In this paper, we report on experiments applying an unsupervised word segmentation algorithm based on a nested Pitman-Yor language model to two Austronesian languages, Wooi and Waima’a. We obtained a lexicon precision of 69.2% and 67.5% for Wooi and Waima’a, respectively, if single-letter words and words found less than three times were discarded. A comparison with an English word segmentation task showed comparable performance, verifying that the assumptions underlying the Pitman-Yor language model, the universality of Zipf’s law and the power of n-gram structures, do also hold for languages such as Wooi and Waima’a which show significantly different structures from Standard European languages.
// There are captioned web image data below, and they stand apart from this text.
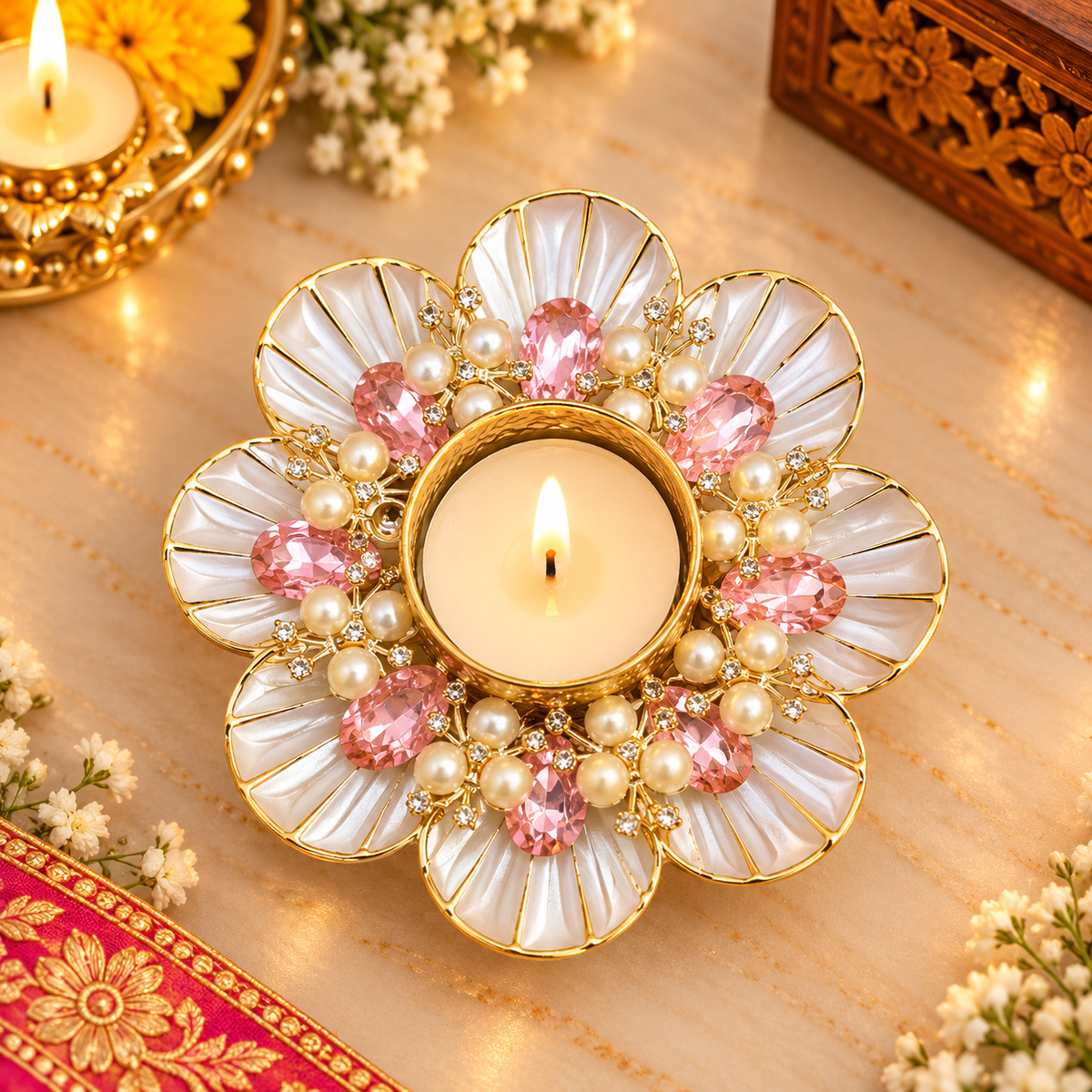 Shell Tealight Holder – Elegant Decorative Candle Holder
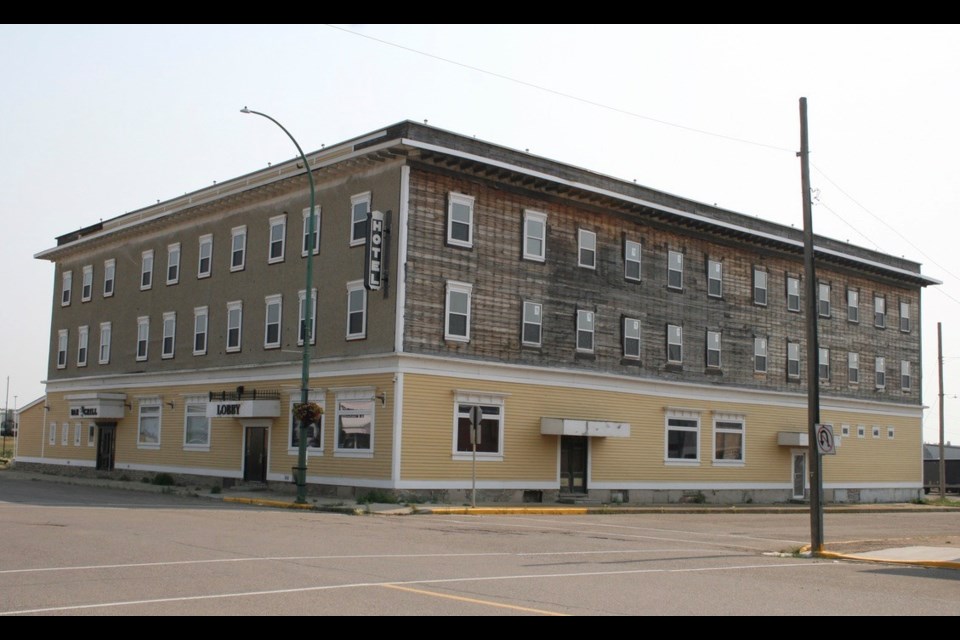 The wood-framed three-storey Shaunavon Hotel, built in 1925 in just two months, is under restoration.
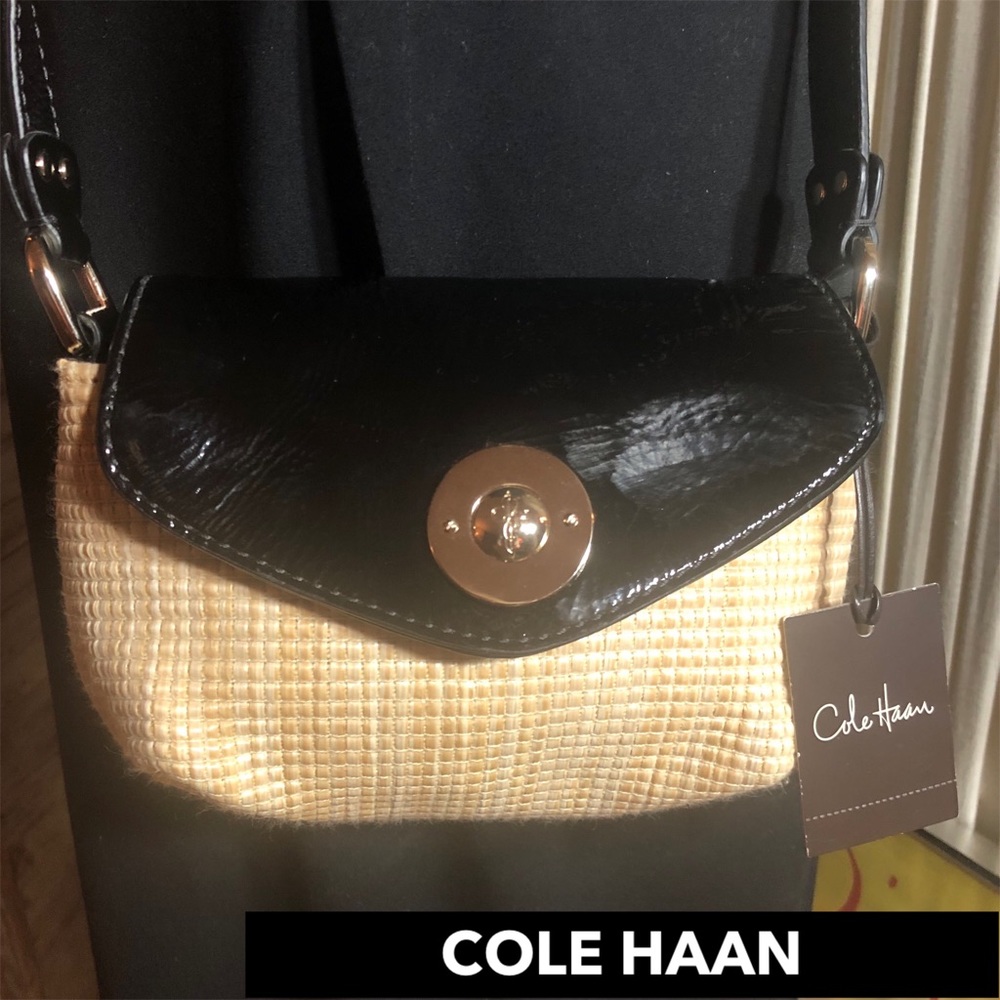 NWT-COLE HAAN STRAW/BLACK PATENT CROSS-BODY BAG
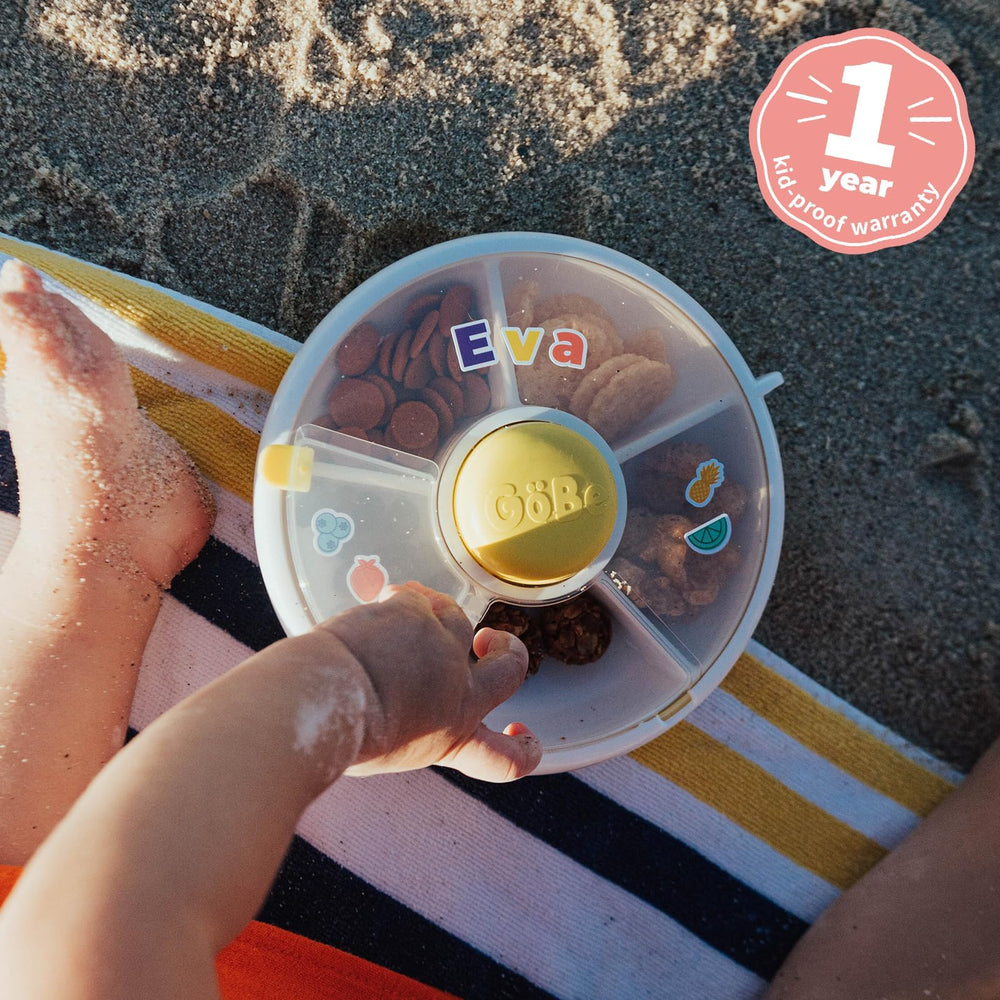 GoBe Kids snack spinner lid, leak-proof design for mess-free transport.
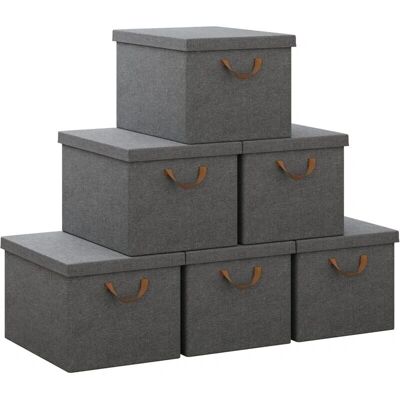Woltu 6x Cajas de Almacenamiento con Tapa - 51L - Gris Woltu 6x Cajas de Almacenamiento con Tapa - 51L - Gris
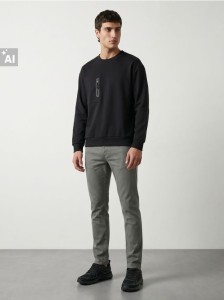 Bawełniane jeansy slim fit - zielony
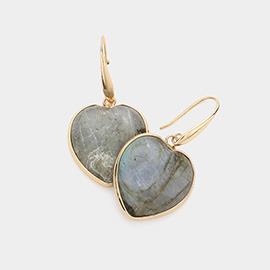 Natural Stone Heart Dangle Earrings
Importantly, from a linguistic point of view, the area where the algorithm runs into segmentation problems is not random but pertains to linguistically well-known problems of word segmentation. The presentation will focus here on problems relating to clitic elements, which by definition have an inherently ambiguous word status.
(Talk together with Nikolaus P. Himmelmann)
Research Interest: statistical signal processing as well as pattern recognition and machine learning, predominantly with applications in the field of speech processing. Examples of recent work include the development of blind speech separation and acoustic beamforming algorithms, investigations into robust automatic speech recognition, and the use of unsupervised learning techniques to build speech processing systems that do not require labeled training data.